Cuomo had been insisting that the “state has no money”, and was threatening to cut first responders. He even tried to tax volunteers who came to help during the pandemic.
“We’re not in a position to provide any subsidies right now,” Cuomo falsely claimed. Then he called for maintaining the same insane level of Hollywood subsidies, and went further by making sure that only the big studios who fund his corrupt ambitions cash in on the $420 million.
After claiming that there would be no money to pay police, no money for anything, New York State kept the $420 million in subsidies but limited it to studios spending over $1 million.
The “state has no money” for cops and firefighters, but has $420 million for Hollywood.
Just to bring the corruption up to Chicago levels, Cuomo’s proposal made sure that Saturday Night Live, but no new productions, would get access to the $420 million subsidy. If only there were some talented political satirists with a weekend show who could mock this crookedness.
Back in California, Disney’s Captain Marvel got $20 million in tax credits in California. Netflix’s 13 Reasons Why, which has been blamed for encouraging teenage suicide, vacuumed up over $40 million. You can’t expect one of the wealthiest companies in America to set off a spike in teenage suicides and promote pedophilia without some serious taxpayer subsidies.

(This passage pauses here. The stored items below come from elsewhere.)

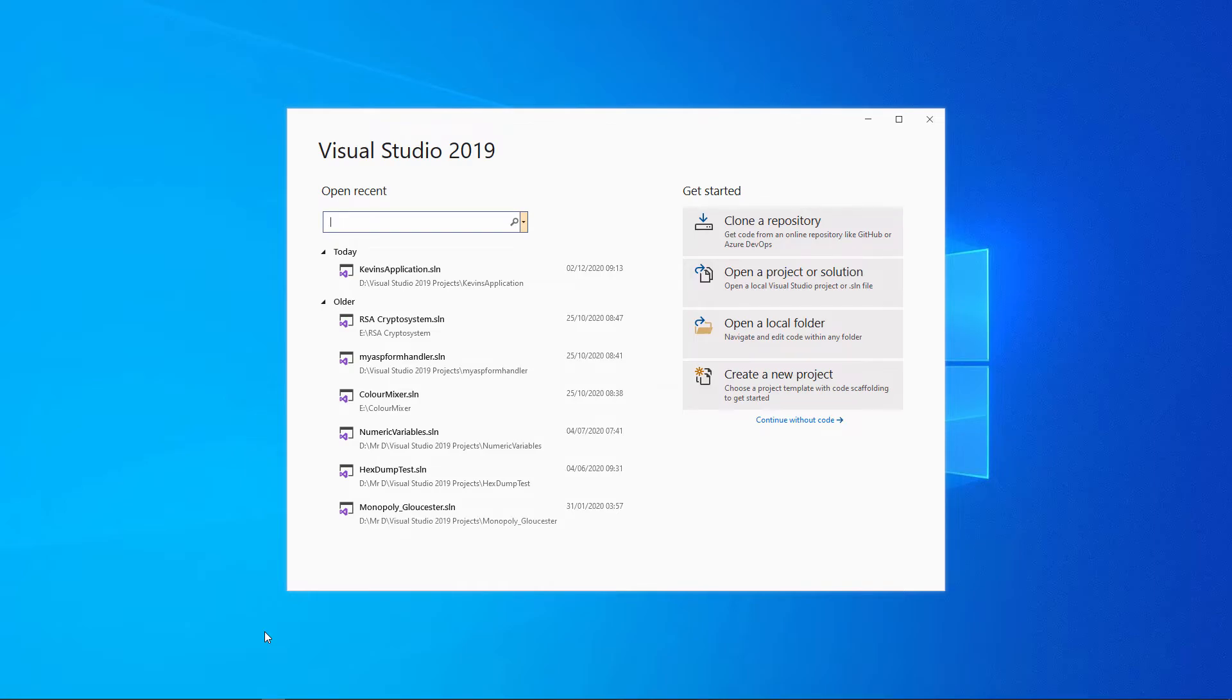In this video about Visual Basic.NET, I want to say more about output and I'm going to introduce you to variables.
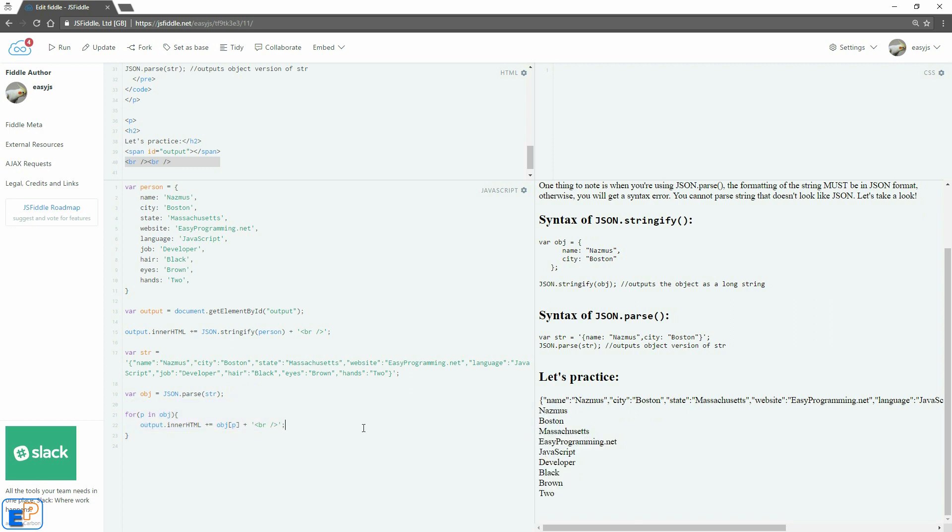I hope you've learned something new about JSON parse and JSON stringify. This is extremely helpful when you're sending data back to backend servers. You can parse the JSON, you can turn it into a string, do whatever you want with them.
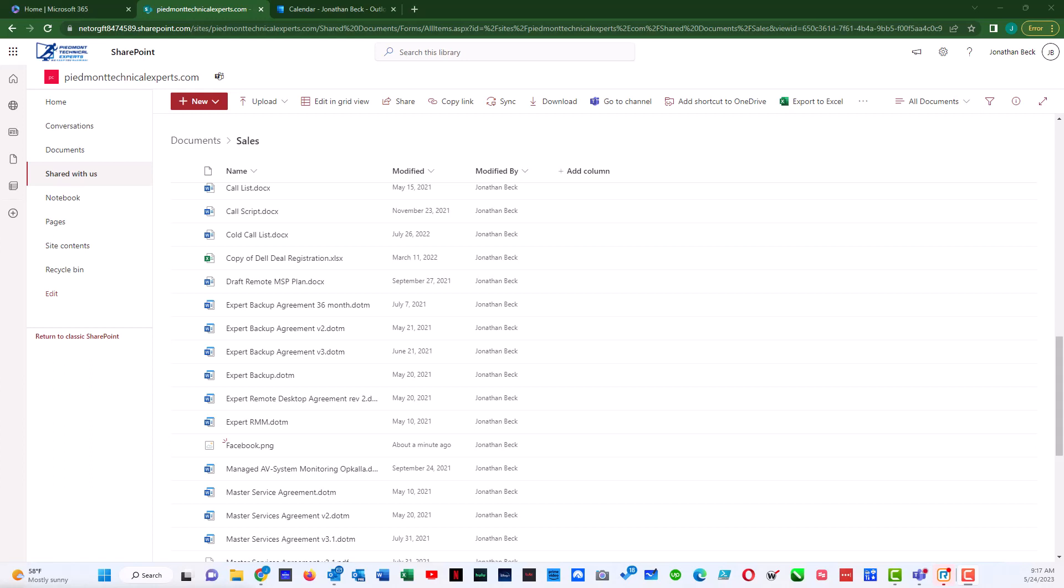That would be the way to troubleshoot potential missing files from Microsoft SharePoint Online. Have a good day.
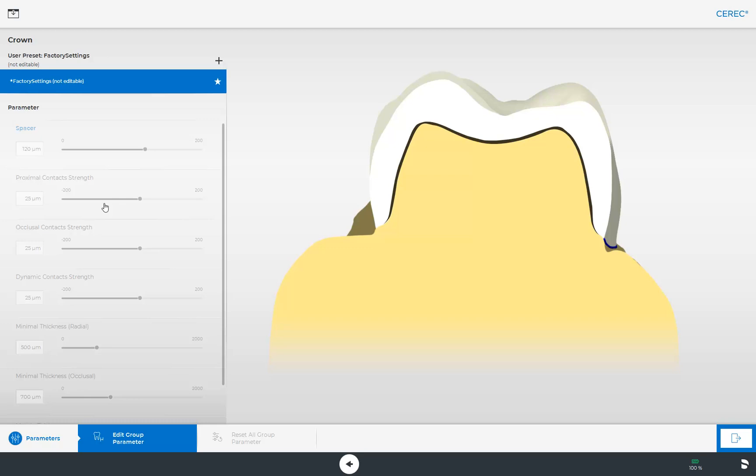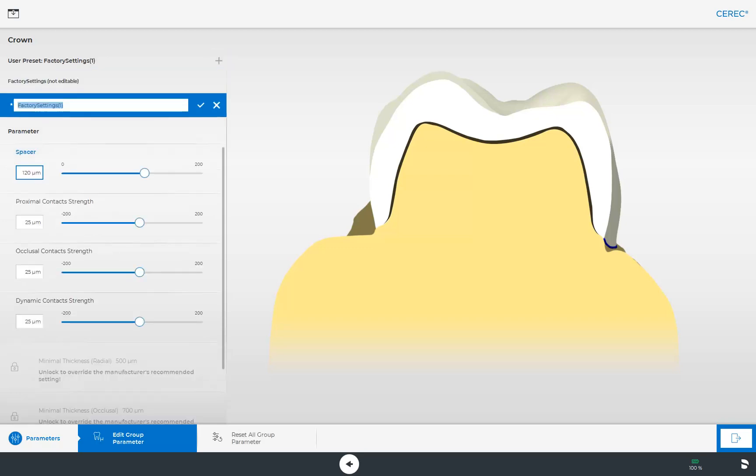However, you have the option of creating individual parameter profiles. To do this, tap the plus sign, which opens a new bar so that you can enter a name for your profile. This is helpful if, for example, several dentists work in the same practice and like to work with different settings.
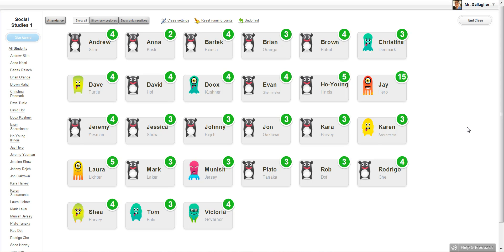Hi everyone, Kalen from ClassDojo here. Today I have a pretty exciting announcement. We built a new feature based on all your emails.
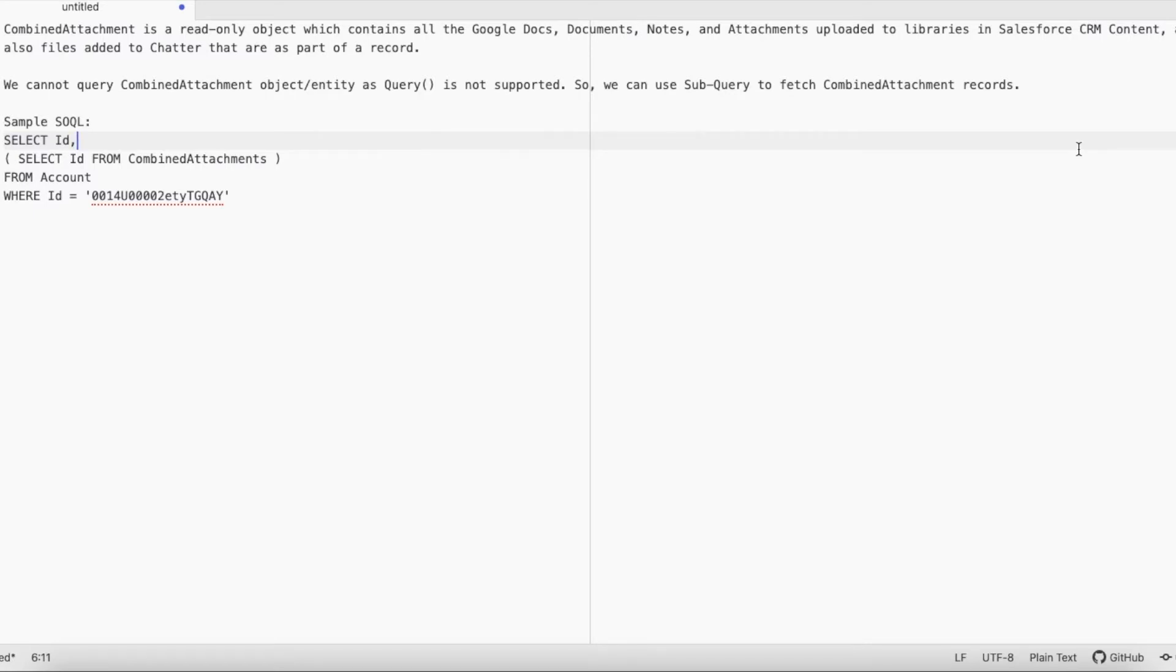Let's look at a sample SOQL. I have SELECT ID, SELECT ID FROM CombinedAttachments FROM Account WHERE ID equals a particular account record ID.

When California and New York dole out $750 million in tax breaks to some of the wealthiest donors in a powerful industry who fund the political ambitions of top Democrats like Newsom and Cuomo, there’s no reason to expect their projects to be subjected to everyone else’s rules.

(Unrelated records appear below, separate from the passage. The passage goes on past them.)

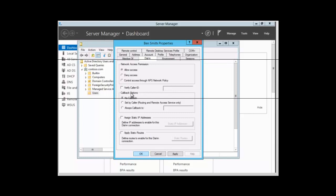Then we have Callback Options. If this property is enabled, the server calls the caller back during connection establishment at a phone number set by the caller or a specific number set by the administrator.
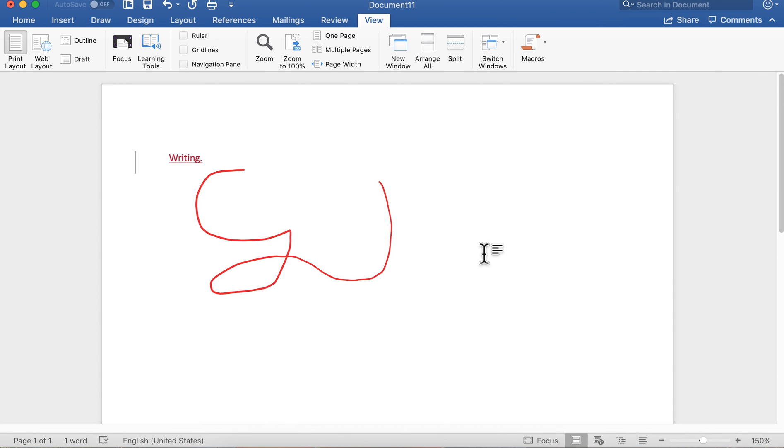So there you have it, that is an overview of the Word menus. Hope it was helpful. If you enjoyed the video, please click like, subscribe to the channel, and don't forget to hit that bell so you're notified when we have new videos for you. We appreciate you and look forward to seeing you again.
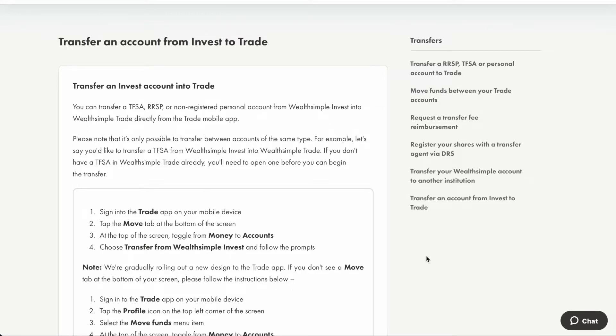Today I would like to show you how you can transfer the money in your Wealthsimple Invest account to your Wealthsimple Trade account. We will first go through the documentation on the Wealthsimple Trade website, and then I will show you step by step in my account.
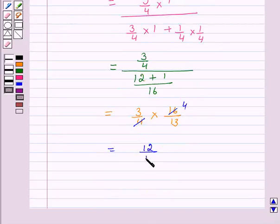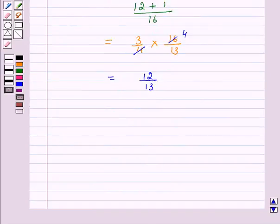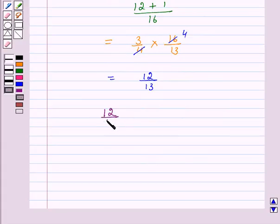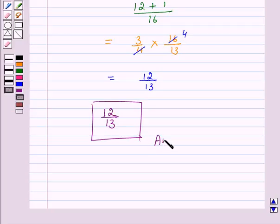Hence, the probability that the student knows the answer given that he answered it correctly is 12 over 13. This is the answer for the above question. This completes our session. I hope you have enjoyed the session. Bye and have a nice day.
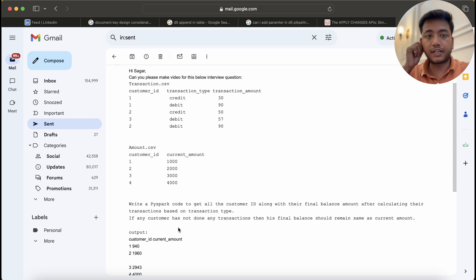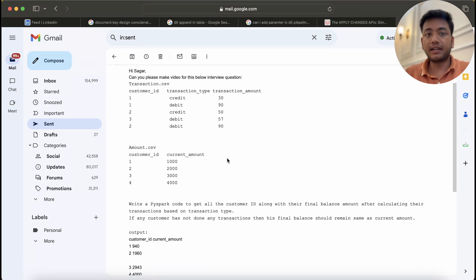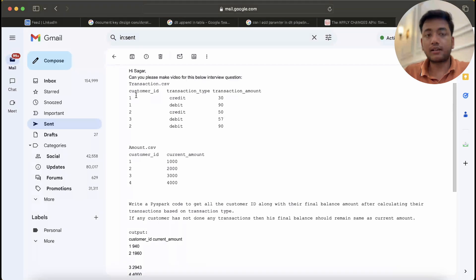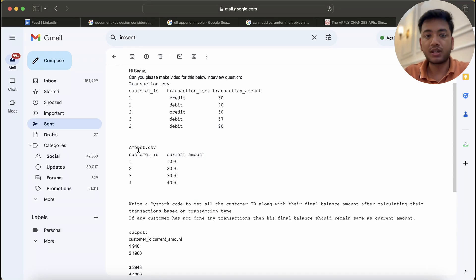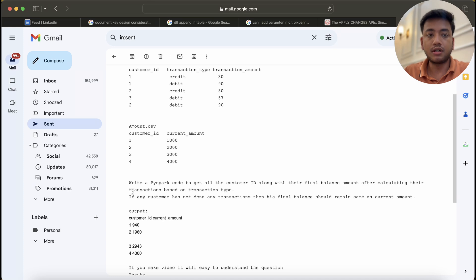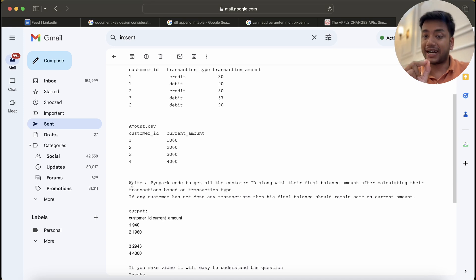This is the question I received from one of my students over email. We have two files: transaction.csv and amount.csv. We have customer_id, transaction_type, and transaction_amount in one file, and customer_id and current_amount in the other CSV file. We need to write a PySpark code to get all the customer IDs along with their final balance amount after calculating transactions based on transaction type.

That’s why the order to limit film shoots to the 7 AM to 10 PM curfew was quickly pulled in LA. The county may be banning public gatherings, and destroying the last surviving small businesses who were on their last legs, but film shoots are back at half of pre-pandemic levels.

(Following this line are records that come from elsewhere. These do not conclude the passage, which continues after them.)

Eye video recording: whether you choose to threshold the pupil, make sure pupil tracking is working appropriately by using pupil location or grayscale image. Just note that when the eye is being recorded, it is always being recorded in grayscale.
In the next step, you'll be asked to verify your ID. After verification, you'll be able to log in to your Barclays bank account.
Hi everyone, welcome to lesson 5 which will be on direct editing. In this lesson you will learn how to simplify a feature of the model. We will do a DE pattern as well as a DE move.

And that’s not just in America.
The UK has some of the most onerous lockdowns around, and its order shut down clothing stores, mobile phone shops, cafes, hotels, museums and “places of worship”, but left open “professional film and TV filming”. Religion is non-essential, but television must go on.
There has been a great deal of discussion about the harm caused by the lockdowns to the livelihoods of tens of millions of people, but there’s been little discussion about who has been exempted from lockdown restrictions and their corrupt political and economic rationales.
The best leverage against lockdown self-righteousness is the exposure of the hypocritical and discriminatory treatment that closes small businesses while leaving giants like Amazon and Target, Disney and Netflix, wealthier than ever because of the lockdowns that benefit them.
The LA Film Office warned productions about a “negative community response”. It’s about time.